Usually I get the result that processing the array for the second time is slower. The effect is small but noticeable (1-3 ms) and - with a single exception - repetitive:

m@m-X555LJ ~/UVA/fastIO $ ./sb
1st pass took 13098789 nsecs
2nd pass took 13114677 nsecs
m@m-X555LJ ~/UVA/fastIO $ ./sb
1st pass took 13052105 nsecs
2nd pass took 13134187 nsecs
m@m-X555LJ ~/UVA/fastIO $ ./sb
1st pass took 13118069 nsecs
2nd pass took 13074199 nsecs
m@m-X555LJ ~/UVA/fastIO $ ./sb
1st pass took 13038579 nsecs
2nd pass took 13079995 nsecs
m@m-X555LJ ~/UVA/fastIO $ ./sb
1st pass took 13070334 nsecs
2nd pass took 13324378 nsecs
m@m-X555LJ ~/UVA/fastIO $ ./sb
1st pass took 13031000 nsecs
2nd pass took 13167349 nsecs
m@m-X555LJ ~/UVA/fastIO $ ./sb
1st pass took 13019961 nsecs
2nd pass took 13310211 nsecs
m@m-X555LJ ~/UVA/fastIO $ ./sb
1st pass took 13041332 nsecs
2nd pass took 13311737 nsecs
m@m-X555LJ ~/UVA/fastIO $ ./sb
1st pass took 13030913 nsecs
2nd pass took 13177423 nsecs
m@m-X555LJ ~/UVA/fastIO $ ./sb
1st pass took 13060570 nsecs
2nd pass took 13387024 nsecs

Why is it the case?

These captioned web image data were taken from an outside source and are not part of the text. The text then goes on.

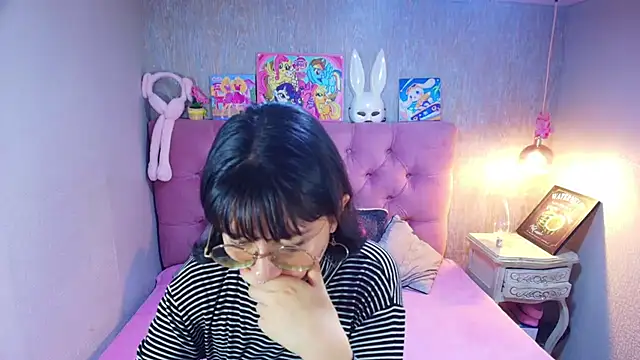 charlottemoonxz online show from February 28, 2026, 6:53 pm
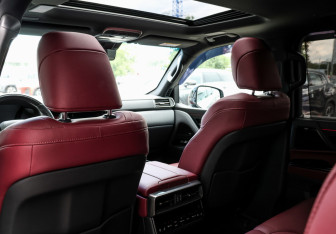 Подержанный автомобиль Lexus LX 2025 года (26 фото)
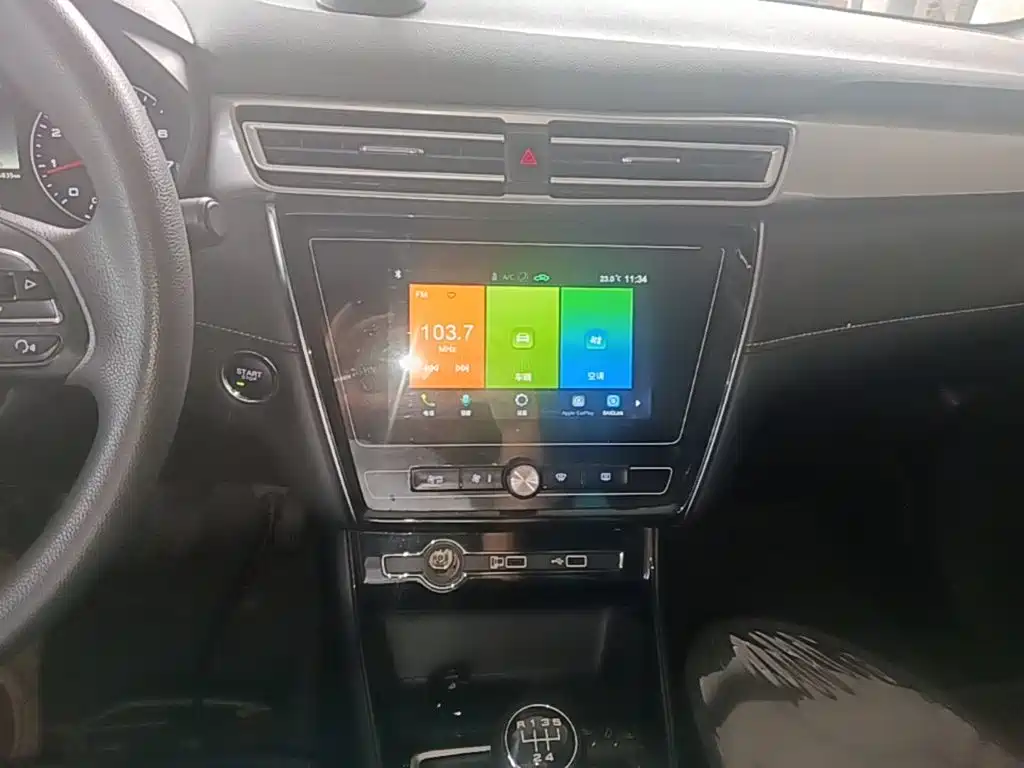 Roewe i5 — миниатюра 13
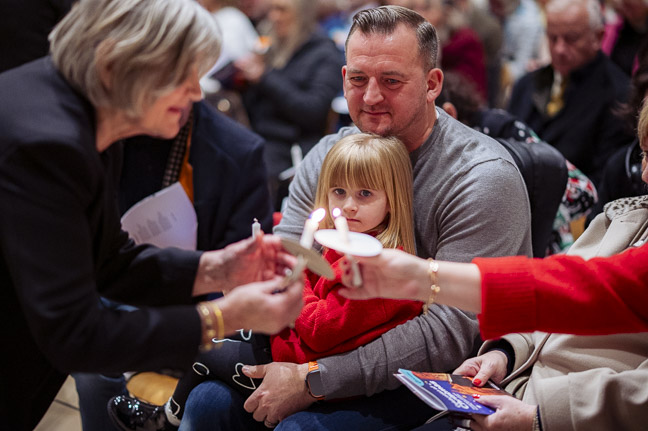 Peter and Elodie at Canterbury Celebration of Christmas © Cemanthe Mckenzie of Lemon Feather Photography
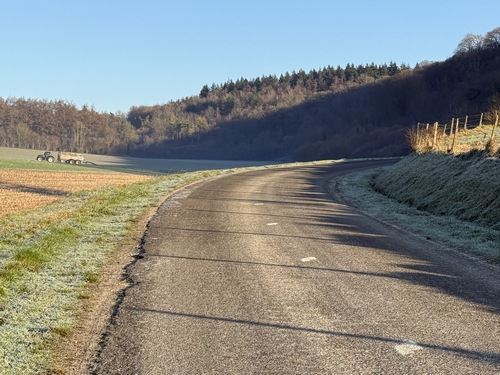 Nous quittons le centre bourg de Beaussault, et montons vers le bois en suivant la D102 sur 900 mètres.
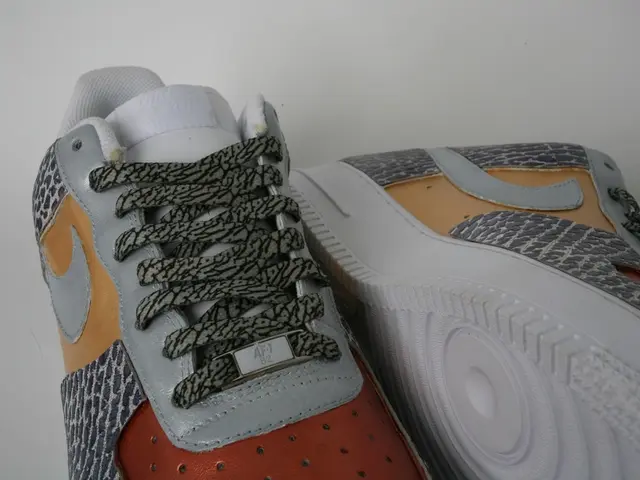 Experienced hiking boots, the Lowa Maddox Pro GTX Lo, were my preferred choice for a month-long...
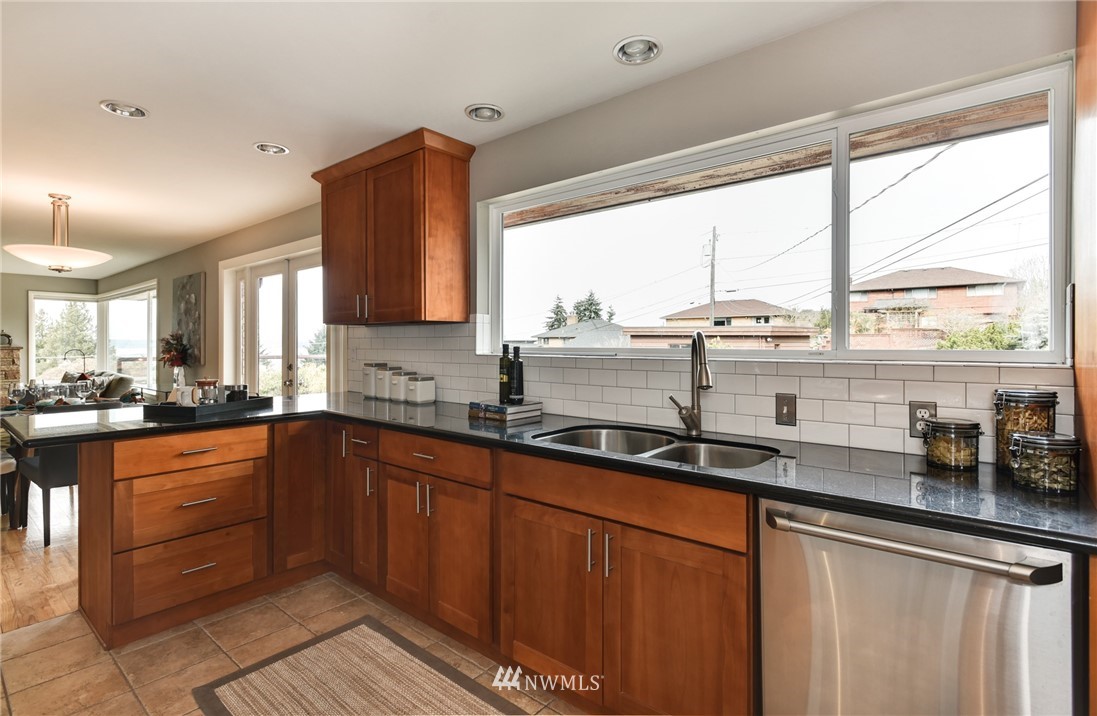 4010 Southwest Director Street Seattle, WA 98136 - Photo 6 of 25 Gallery Image 6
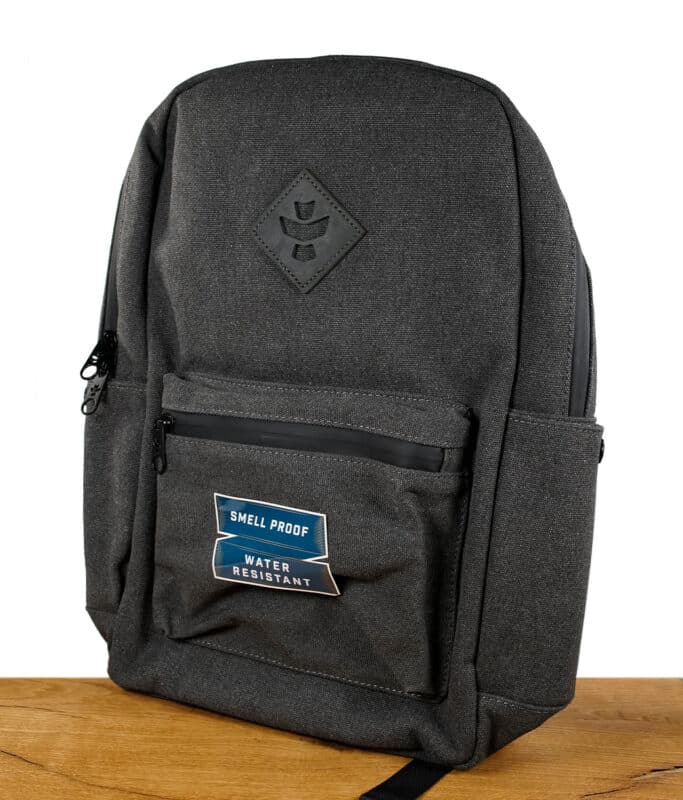 revelry-the-traveller-backpack-grau.jpg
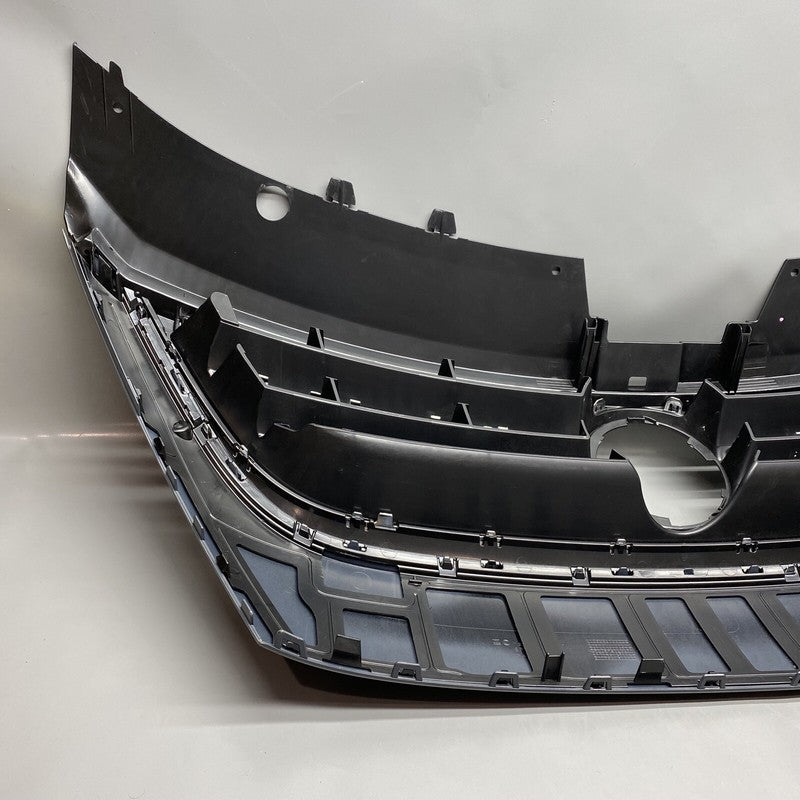 3C8853651 VOLKSWAGEN PASSAT CC GRILLE 3C8853651 2009 2010 2011 2012 OEM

If anything, I'd suppose that processing an array for the first time should be slower, not for the second time!

If this matters:

m@m-X555LJ ~/UVA/fastIO $ gcc --version
gcc (Ubuntu 5.4.0-6ubuntu1~16.04.4) 5.4.0 20160609
Copyright (C) 2015 Free Software Foundation, Inc.
This is free software; see the source for copying conditions.  There is NO
warranty; not even for MERCHANTABILITY or FITNESS FOR A PARTICULAR PURPOSE.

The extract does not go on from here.